Q: Anything stand out from that time?

RH: Well, you go from player mode to being in meetings and really getting behind the scenes and stuff, and that was just great to be able to watch the film more in depth and hear what the coaches were saying, all those things that helped prepare for an upcoming game. I felt I learned even that much more, obviously, going into those 6 a.m. staff meetings.

You know, Coach Osborne would always do one of those moments where they would take a Bible verse and say it and relate it to what was going on at that time, which I thought was awesome. Not many staffs do that: bring spirituality, Christianity, into the mix.
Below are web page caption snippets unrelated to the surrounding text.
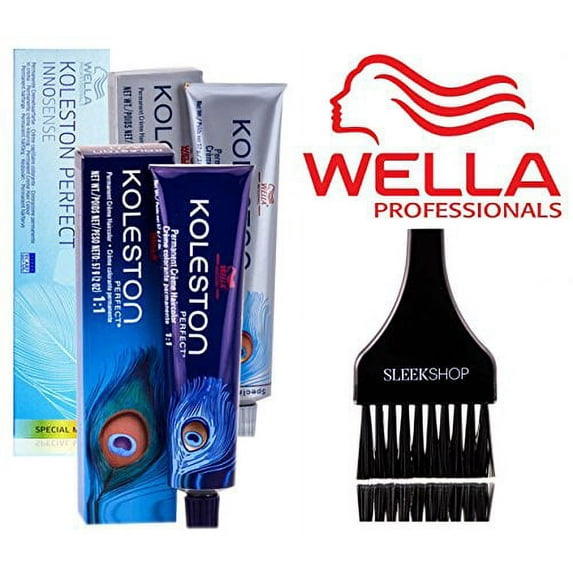 Wella KOLESTON Perfect Permanent Creme Haircolor, 2 oz (with Sleek Tint Brush) (8/38 Light Blonde/Gold Pearl)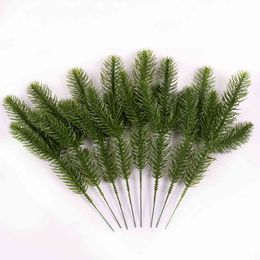 Faux Floral Greenery 5 pcs Artificial Green Pine Branches Artificial Flower Plant Wedding Christmas Decoration DIY Home Decoration Christmas Tree J220906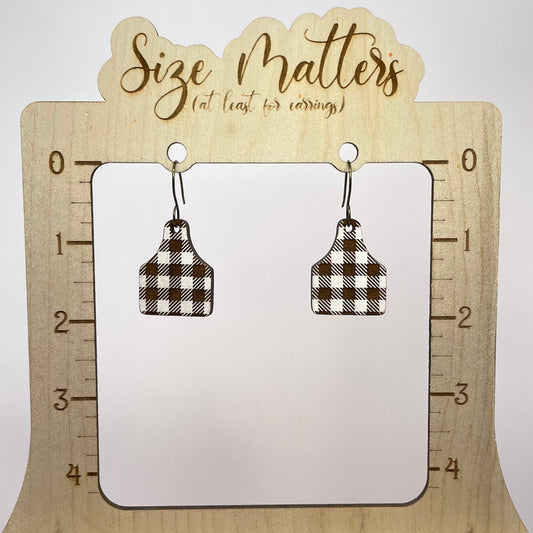 Black + White Buffalo Plaid Cattle Tag Drop Dangle Earrings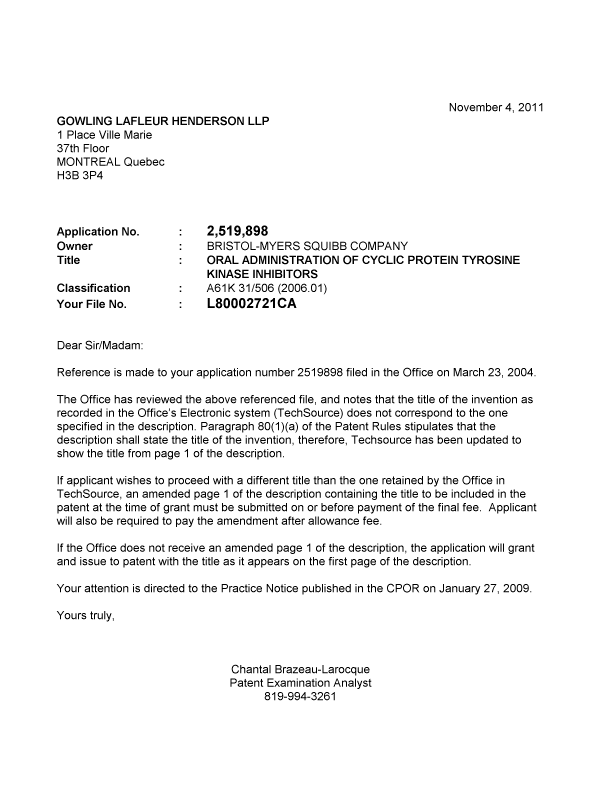 Document de brevet canadien 2519898. Correspondance 20111104. Image 1 de 1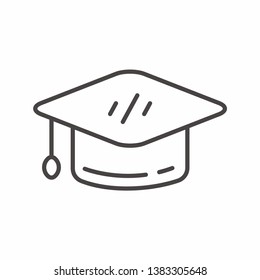 Education icon thin line design. Graduation icon with outline design. Graduation vector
And that was the thing, Paul, going back to Ron Brown and talking to Turner Gill and all those things. You know everybody always talks about that separation of church and state, but whether or not you were religious or not, you respected it. It was just awesome, because you felt good about everything about the organization. There wasn’t negativity.

Obviously we had issues -every program does- but Saturday morning there was chapel and mass, and that kind of stuff I think is very important. And I adopted it in my coaching when I coached, I gave that as an option in my organizations, as well.

Q: Working under Coach Solich, any reflections about the man?

RH: Well, he’s a bulldog, you know? He’s a feisty guy. He’s a really good football coach and I respect him a lot. He was a great recruiter, worked hard, earned his stripes, it’s too bad the whole situation how he got ousted, I think. I respect him a lot, he’s a great coach.

And Turner Gill? I knew Turner Gill was going to be an unbelievable coach. With his work ethic, his spirituality, how he treats people, philosophy… and that was another thing with Coach Osborne: how you treat people. Whether it’s the custodian, whether it’s the secretary, the walk-on kid from wherever? You look at all those things and in any successful organization the top guy knows everybody in the organization, because everybody had a role. Whether it’s the guy taking the trash out or the secretary answering phones, everybody had a role. And he knew everybody’s name, and that goes a long way when you look at championships and successful business, for any organization, I believe.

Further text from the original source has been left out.